Os lírios do vaso na janela foram trocados. A mãe arrancou suavemente uma pétala e guardou. Saiu da casa e foi até o córrego, onde “ofereceu” aos santos, os lírios brancos da paz.
No novo dia que chegou, após o café matinal, e antes da saída do pai para o trabalho na granja, Vivi pediu:
– Pai, compra um computador e me dá de presente!
Ainda que achasse aquele pedido estranho, o pai ouviu e nada respondeu. Os dias se passaram e o computador com teclado apropriado foi instalado no cômodo de Vivi.
Os dias de Vivi passaram a ser diferentes. Mais alegres. Parecendo até que algumas horas foram acrescentadas nas vinte e quatro normais. Apesar disso, os passeios no campo de lírios não diminuíram. Ao contrário. Ficaram mais divertidos e aquilo alegrava também a mãe de Vivi. Era visível a felicidade da filha, ainda que acometida de problema tão grave e de difícil solução.
Certo dia, operando o computador, Vivi falou em voz alta:
– Como é você? Perguntou Vivi, no exato momento que a mãe entrava no quarto com uma pequena bandeja nas mãos. O susto foi enorme.
– Com quem você está falando filha? Perguntou a mãe, aflita!
– Com um rapaz que conheci ontem no Facebook. Respondeu Vivi.
– Deus dos céus! (“Minhas preces quando jogo os ramalhetes de lírios no córrego estão sendo ouvidas por Deus”)
Além do teclado especial para deficiente visual, o pai de Vivi comprou, também, fones/microfones modernos, o que permitia que a filha mantivesse contatos com outras pessoas.
Aquele era um momento diferente. Frank, o nome do interlocutor e, agora, amigo de Vivi.
A casa recebeu novo astral. A preocupação com a “presbiopia”, contraída por Vivi diminuiu ante a possibilidade de recuperação total: graças ao amor.
Vivi nunca falou para Frank o seu problema visual. Os momentos de alegria com o relacionamento superaram qualquer necessidade de revelação. O amor poderia curar tudo.
Uma visita de Frank à casa de Vivi foi marcada. Chegado o dia, Vivi recebeu da mãe o comunicado que a visita havia chegado. As duas preferiram receber o visitante no cômodo onde Vivi permanecia sempre. A janela foi aberta. As cortinas foram amarradas e o ar puro que entrava fazia do cômodo um lugar prazeroso.
A mãe de Vivi convidou Frank para ir ao encontro da filha, no quarto. Os três estavam juntos. A mãe preferiu deixá-los a sós. Vivi, tão emocionada com o momento, permaneceu sentada e acessando o computador.

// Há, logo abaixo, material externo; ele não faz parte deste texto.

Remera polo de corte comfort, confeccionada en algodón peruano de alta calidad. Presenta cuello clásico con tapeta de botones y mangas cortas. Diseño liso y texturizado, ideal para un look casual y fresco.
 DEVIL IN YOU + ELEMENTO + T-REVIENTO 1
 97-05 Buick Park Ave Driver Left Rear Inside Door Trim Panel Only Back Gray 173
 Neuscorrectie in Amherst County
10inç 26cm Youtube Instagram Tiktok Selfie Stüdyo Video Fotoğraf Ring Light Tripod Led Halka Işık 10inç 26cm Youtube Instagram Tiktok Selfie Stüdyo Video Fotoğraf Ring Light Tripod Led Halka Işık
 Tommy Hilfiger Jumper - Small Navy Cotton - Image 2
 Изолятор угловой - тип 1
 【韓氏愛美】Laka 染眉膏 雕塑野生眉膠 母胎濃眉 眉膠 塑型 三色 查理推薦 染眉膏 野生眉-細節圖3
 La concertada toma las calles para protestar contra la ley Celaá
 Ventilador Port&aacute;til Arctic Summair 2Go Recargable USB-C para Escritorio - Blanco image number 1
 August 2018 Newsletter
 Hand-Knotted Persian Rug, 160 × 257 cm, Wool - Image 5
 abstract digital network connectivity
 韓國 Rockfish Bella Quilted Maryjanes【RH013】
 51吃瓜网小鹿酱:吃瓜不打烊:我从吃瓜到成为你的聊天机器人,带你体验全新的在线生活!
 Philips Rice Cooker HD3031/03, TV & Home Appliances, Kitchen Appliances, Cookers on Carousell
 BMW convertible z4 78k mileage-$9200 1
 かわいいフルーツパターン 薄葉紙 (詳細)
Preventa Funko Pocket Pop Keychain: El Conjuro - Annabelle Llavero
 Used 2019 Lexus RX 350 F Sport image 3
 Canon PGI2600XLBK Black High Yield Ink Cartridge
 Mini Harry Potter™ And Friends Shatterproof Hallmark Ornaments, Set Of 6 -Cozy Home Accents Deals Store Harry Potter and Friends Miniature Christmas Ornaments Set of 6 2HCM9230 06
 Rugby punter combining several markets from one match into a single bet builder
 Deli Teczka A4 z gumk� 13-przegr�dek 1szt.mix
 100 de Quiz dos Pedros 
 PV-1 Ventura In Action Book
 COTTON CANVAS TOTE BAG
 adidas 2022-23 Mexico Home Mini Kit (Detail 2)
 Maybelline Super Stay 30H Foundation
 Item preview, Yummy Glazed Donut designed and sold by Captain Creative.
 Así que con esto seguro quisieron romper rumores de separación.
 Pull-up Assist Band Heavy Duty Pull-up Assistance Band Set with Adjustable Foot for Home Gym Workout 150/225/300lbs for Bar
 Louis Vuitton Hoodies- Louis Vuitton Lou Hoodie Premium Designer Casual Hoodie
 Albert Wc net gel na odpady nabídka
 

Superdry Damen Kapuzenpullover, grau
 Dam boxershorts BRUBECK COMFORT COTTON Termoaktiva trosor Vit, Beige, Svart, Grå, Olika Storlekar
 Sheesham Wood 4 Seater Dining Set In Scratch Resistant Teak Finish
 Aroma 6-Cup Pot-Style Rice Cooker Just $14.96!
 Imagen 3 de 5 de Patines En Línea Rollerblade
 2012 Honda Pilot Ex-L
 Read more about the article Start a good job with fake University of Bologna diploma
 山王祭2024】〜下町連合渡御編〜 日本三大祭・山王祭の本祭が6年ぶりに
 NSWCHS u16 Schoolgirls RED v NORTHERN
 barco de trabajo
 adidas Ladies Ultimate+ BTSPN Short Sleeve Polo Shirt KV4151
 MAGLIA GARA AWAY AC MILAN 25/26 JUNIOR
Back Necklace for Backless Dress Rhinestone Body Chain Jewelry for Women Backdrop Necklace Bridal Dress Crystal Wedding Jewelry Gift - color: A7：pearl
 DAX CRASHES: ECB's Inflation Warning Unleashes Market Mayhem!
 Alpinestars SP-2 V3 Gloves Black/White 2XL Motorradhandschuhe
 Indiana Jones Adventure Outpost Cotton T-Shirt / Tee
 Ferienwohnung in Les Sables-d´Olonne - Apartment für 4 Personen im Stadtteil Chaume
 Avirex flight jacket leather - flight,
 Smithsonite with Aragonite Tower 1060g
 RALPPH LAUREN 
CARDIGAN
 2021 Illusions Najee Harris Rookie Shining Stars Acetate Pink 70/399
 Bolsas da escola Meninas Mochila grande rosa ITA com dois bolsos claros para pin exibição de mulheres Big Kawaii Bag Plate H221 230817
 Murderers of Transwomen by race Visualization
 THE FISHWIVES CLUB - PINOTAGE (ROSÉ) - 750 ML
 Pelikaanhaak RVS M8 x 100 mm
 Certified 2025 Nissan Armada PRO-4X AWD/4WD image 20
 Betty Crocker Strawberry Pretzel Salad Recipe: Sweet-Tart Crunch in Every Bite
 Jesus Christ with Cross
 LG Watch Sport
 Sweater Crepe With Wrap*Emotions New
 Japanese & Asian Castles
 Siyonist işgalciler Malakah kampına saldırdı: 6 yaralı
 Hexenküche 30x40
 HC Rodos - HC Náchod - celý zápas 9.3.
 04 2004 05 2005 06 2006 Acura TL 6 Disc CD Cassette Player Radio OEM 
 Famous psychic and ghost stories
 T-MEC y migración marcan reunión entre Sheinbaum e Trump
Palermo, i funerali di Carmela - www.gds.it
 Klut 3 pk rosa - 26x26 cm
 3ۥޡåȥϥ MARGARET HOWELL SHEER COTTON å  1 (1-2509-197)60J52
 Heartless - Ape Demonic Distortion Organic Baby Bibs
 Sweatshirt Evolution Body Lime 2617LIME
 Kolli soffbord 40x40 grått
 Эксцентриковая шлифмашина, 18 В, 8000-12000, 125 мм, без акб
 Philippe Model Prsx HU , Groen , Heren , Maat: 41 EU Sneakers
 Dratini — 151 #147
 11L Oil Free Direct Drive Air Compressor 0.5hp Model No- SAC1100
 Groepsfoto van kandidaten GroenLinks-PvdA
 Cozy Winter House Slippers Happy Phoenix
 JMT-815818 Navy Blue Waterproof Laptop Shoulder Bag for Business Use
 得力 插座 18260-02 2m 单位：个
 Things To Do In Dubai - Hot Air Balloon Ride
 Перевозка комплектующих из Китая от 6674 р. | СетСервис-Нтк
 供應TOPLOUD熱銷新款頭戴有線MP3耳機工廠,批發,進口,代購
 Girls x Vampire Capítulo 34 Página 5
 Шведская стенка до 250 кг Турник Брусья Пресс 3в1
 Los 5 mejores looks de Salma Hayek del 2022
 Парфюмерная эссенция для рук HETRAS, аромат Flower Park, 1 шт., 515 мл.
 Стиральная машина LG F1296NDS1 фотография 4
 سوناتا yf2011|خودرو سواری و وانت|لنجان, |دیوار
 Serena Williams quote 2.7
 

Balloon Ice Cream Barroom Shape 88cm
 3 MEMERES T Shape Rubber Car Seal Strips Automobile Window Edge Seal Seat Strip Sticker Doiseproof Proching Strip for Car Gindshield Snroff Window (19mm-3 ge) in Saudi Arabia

Frank se aproximou, cumprimentou Vivi. A jovem pediu para que Frank lesse uma postagem recente que fizera. Só então Frank percebeu a diferença especial do teclado, concluindo que Vivi era cega. Embora não fosse.
Lírios da Paz na janela
Vivi levantou, cumprimentou Frank e o convidou a ir até a janela, de onde poderiam olhar os lírios no campo.
Aquele horizonte branco que apareceu, visto da janela, por um momento foi visto pelos dois. Vivi, intempestivamente, viu o campo repleto de lírios da paz. Agora, também do amor.